Le chiasme rythmique en 4/2//2/4 montre bien le revirement de situation : pleine d’espoir, tragiquement déchirée, la reine vient d’accepter le couperet de Titus. La lente majesté du vers qui se déploie équivaut, en quelque sorte, à une marche funèbre.

On voit bien que cet extrait répond aux exigences de définition du dénouement. Les deux amants se séparent donc, Titus chasse Bérénice et Racine fait peser sur elle tout le poids du tragique.


Le personnage tragique est celui qui, non seulement est déchiré, mais en plus sur qui pèse le poids d’une fatalité inextricable. Bérénice, d’un poids à l’autre de la pièce est la victime expiatoire.

Son ultime apparition sur scène trahit la souffrance de la reine, que son discours traduit. L’utilisation des modalités exclamatives et interrogatives montrant son angoisse, sa peur de voir sa voir sa vie se jouer, là, en quelques mots.
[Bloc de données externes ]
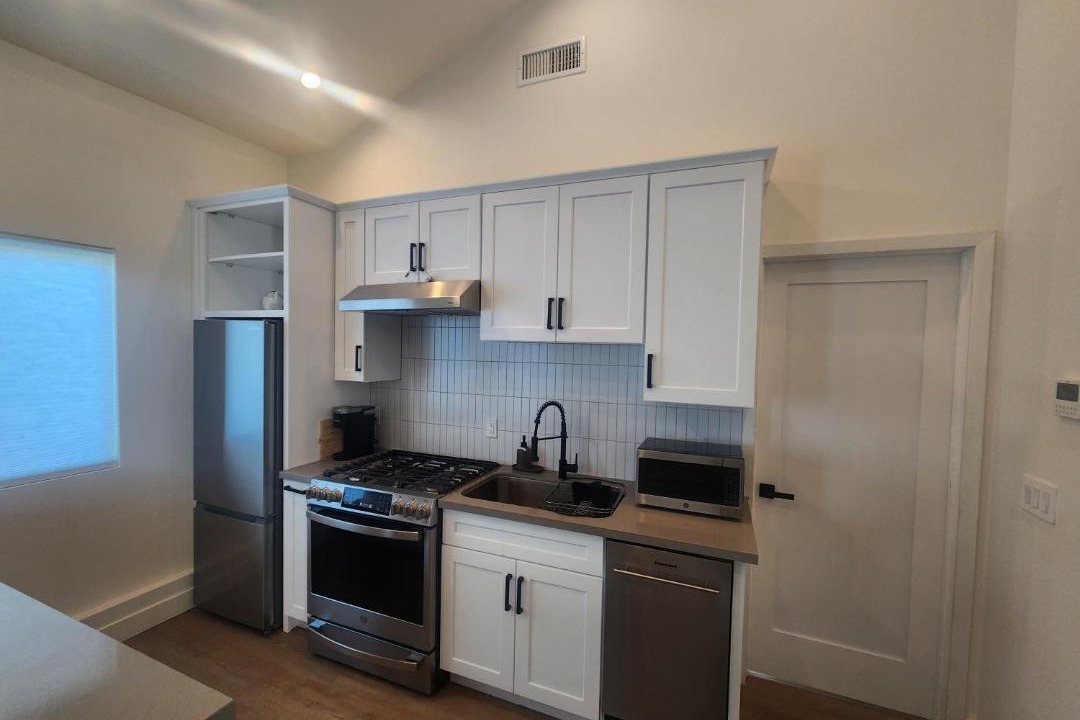 Photo of Kitchen in Ladera Heights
Les questions rhétoriques sont utilisées pour cacher son trouble : l’apparent reproche qu’elle formule ( « Pourquoi vous montrer à ma vue ? Pourquoi venir encore aigrir mon désespoir ? / N’êtes vous pas content ? v2 à 4 ) est bien évidemment la crainte sous-jacente de se voir confrontée à son amant qui risque de la répudier. Par la suite, l’échange bref des répliques souligne combien les personnages sont tendus et la sécheresse des propos de Bérénice ( « Il n’est plus temps », « Non » v5 et 7 ) figure la tension tragique du personnage et sa prochaine mise à mort. D’ailleurs, le champ lexical de la tristesse amène petit à petit le spectateur à l’issue fatale ( « cruelle v13, « pleurs » v14, « blessée » v18, « tristes » v23, « souffrir » v24 ) tandis que l’oxymore « cruelle joie » ( v13 ) symbolise le déchirement intérieur du personnage. Bérénice n’est plus maîtresse de cette situation, elle ne règne plus sur le cœur de Titus comme auparavent et son chagrin ne peur plus attendre le futur empereur. Elle n’a plus que des larmes à offrir, une peinesi profonde qu’elle craint de se noyer dans ses pleurs. L’hyperbole ( « Tandis que dans mes pleurs moi-même je me noie » v14 ) montre la souffrance aigüe de la reine qui voit tout espoir d’avenir avec Titus disparaître, à la mesure des négations nombreuses qui essaiment le texte ( « Je ne vois rien ici dont je ne sois blessée » v18 ; « je ne puis souffrir » v24 ). Le tragique du personnage repose sur la préférence politique que lui a opposée Titus.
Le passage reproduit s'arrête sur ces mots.